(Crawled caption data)

Segment Open

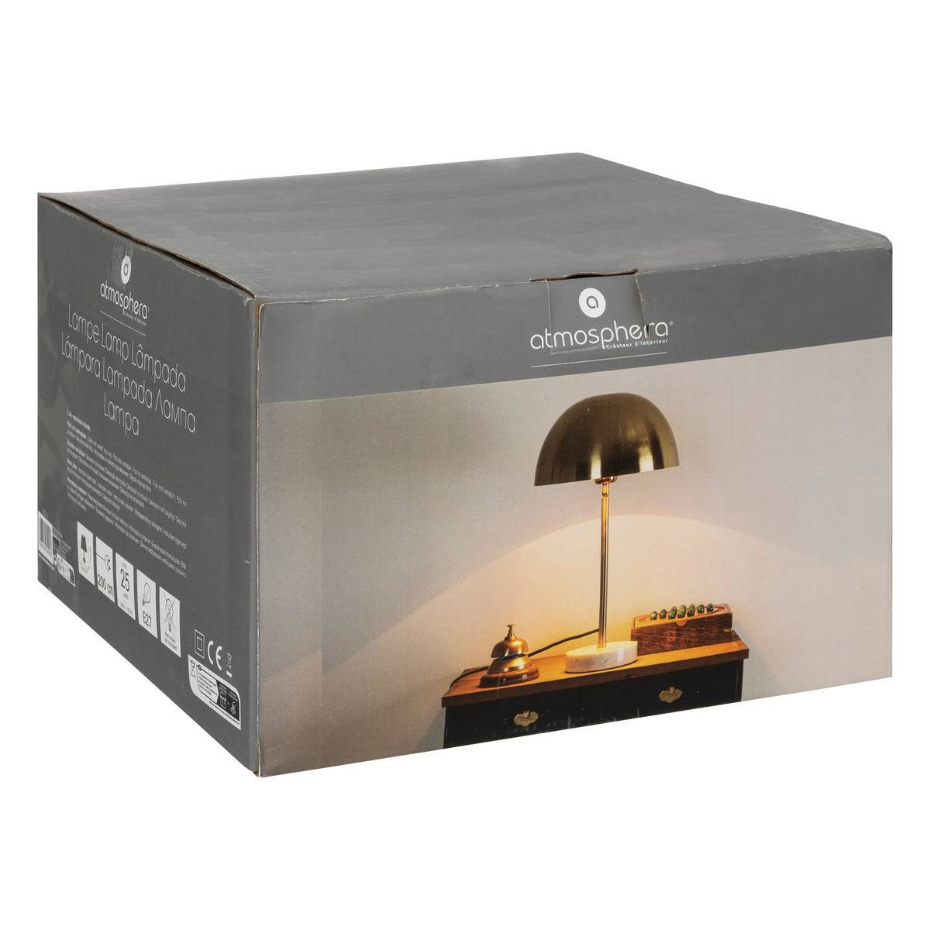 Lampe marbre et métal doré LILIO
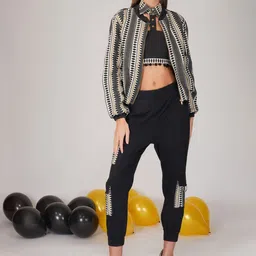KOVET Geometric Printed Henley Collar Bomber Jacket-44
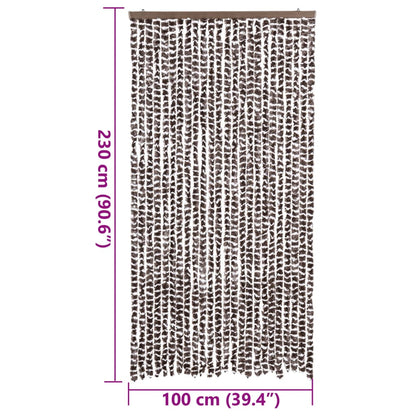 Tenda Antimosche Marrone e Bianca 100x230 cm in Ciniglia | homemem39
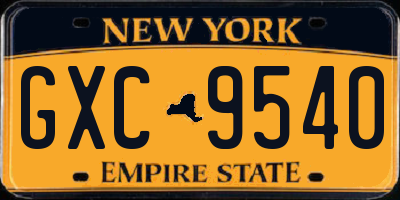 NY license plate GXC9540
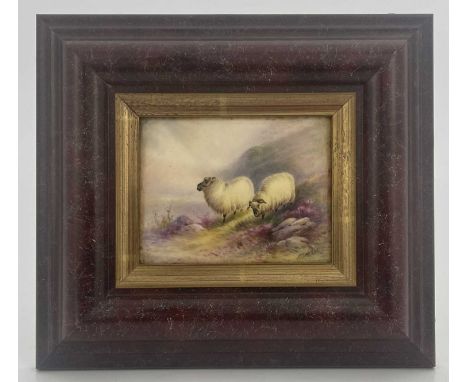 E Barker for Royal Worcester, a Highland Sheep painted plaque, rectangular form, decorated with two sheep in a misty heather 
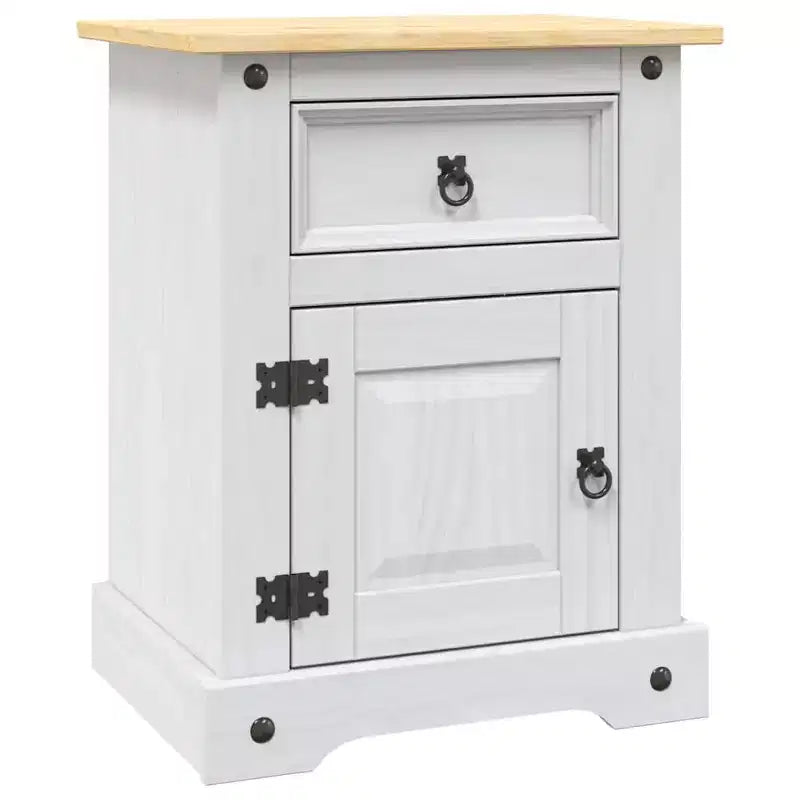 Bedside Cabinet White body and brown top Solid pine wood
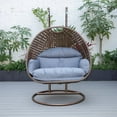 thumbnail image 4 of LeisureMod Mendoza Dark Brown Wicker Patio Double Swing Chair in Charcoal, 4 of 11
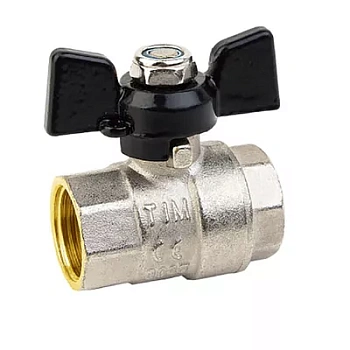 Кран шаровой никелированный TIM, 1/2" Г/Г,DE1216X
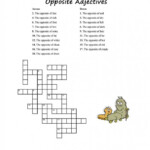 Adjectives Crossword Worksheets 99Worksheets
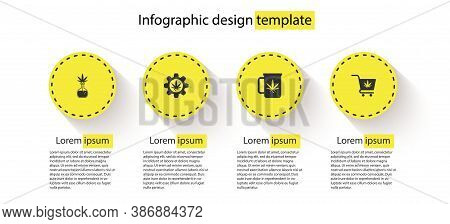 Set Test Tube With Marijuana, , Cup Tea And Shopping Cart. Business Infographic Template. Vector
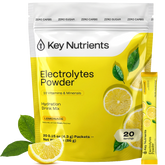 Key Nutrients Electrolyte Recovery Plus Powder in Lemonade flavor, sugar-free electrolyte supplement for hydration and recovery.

Segment Closed

From the line containing "Set Test Tube" through the end of the entries, quote each line exactly and nothing else, excluding all pictures.

 Set Test Tube With Marijuana, , Cup Tea And Shopping Cart. Business Infographic Template. Vector
 Key Nutrients Electrolyte Recovery Plus Powder in Lemonade flavor, sugar-free electrolyte supplement for hydration and recovery.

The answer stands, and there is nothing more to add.